Lebanon’s Twisted Perception of Beauty

When a journalist wrote an article in the Huffington Post about Lebanon’s babes and botox in its capital, many Lebanese stood against the article in uproar.

This is not us. These are not our women. This is not our city.

Do they have a point? Sure they do. After all, not all our women boast plastic faces as they strut their heels and behinds on the tables of Beirut’s rooftops. But what people seem to fail to realize is that the side of Lebanon portrayed by the Huffington Post is the one we want to get across to the world.

Check out this video from 2011. I have written about it before (check it here).

I disagree with the content of the video. I dislike the categorization of Lebanese joie de vivre as something only related to partying the night away. But when the only face even your ministry of tourism is giving of your country is that of rooftops, nightclubs and night life, what could you expect from a journalist who’s coming to your country to see the supposed highlights your country has to offer?

When you tell someone to come visit specific places in a country and they judge a country based on the places you recommended, you can’t but blame yourself for that.

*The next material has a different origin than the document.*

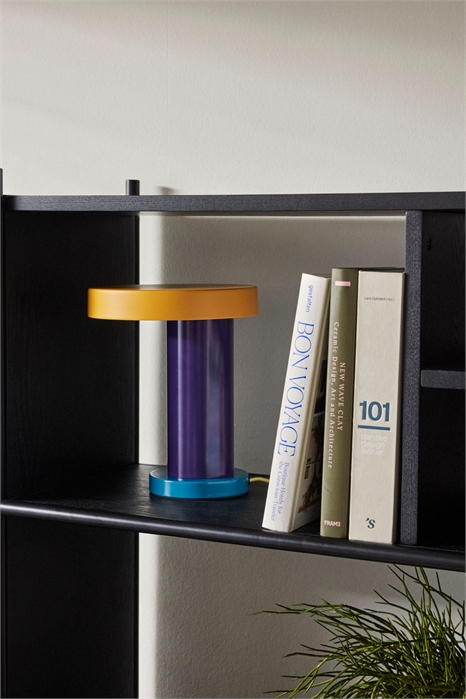 Настольная лампа Magic 1273900001 - Фото 14124621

Even I am guilty of that. Whenever a French person decides to inform me he thinks my country is full of Islamists where women are forced to wear the veil in order to go out of their homes, I go on and on about our nightlife, among other things. And I’m not even a fan of nightlife to begin with.

What David Constable has noticed is a phenomenon that runs deeper than should be acceptable in Lebanese society. Have you ever seen a woman your grandmother’s age with her face so plasticized that she looks downright disgusting? I have seen way too many of those, the last one of them as I boarded my flight to France. Have you seen girls your age who decide the moment they finish high school to start injecting their lips and cheeks? Well, I know some girls like that.

And the list goes on.

No, I’m not saying everyone does it. I’m not saying all our women are plastic. I’m not saying all our women can be summed up with boobs and botox. What I’m saying is that we have a lot of them and what is “odd” is usually the thing that sticks out the most. Simplest example? We don’t notice the calm days we get throughout the year but when all hell breaks loose for a few days or weeks, we judge the entire year accordingly. And we get judged as an “unsafe” country by everyone else according to those days as well.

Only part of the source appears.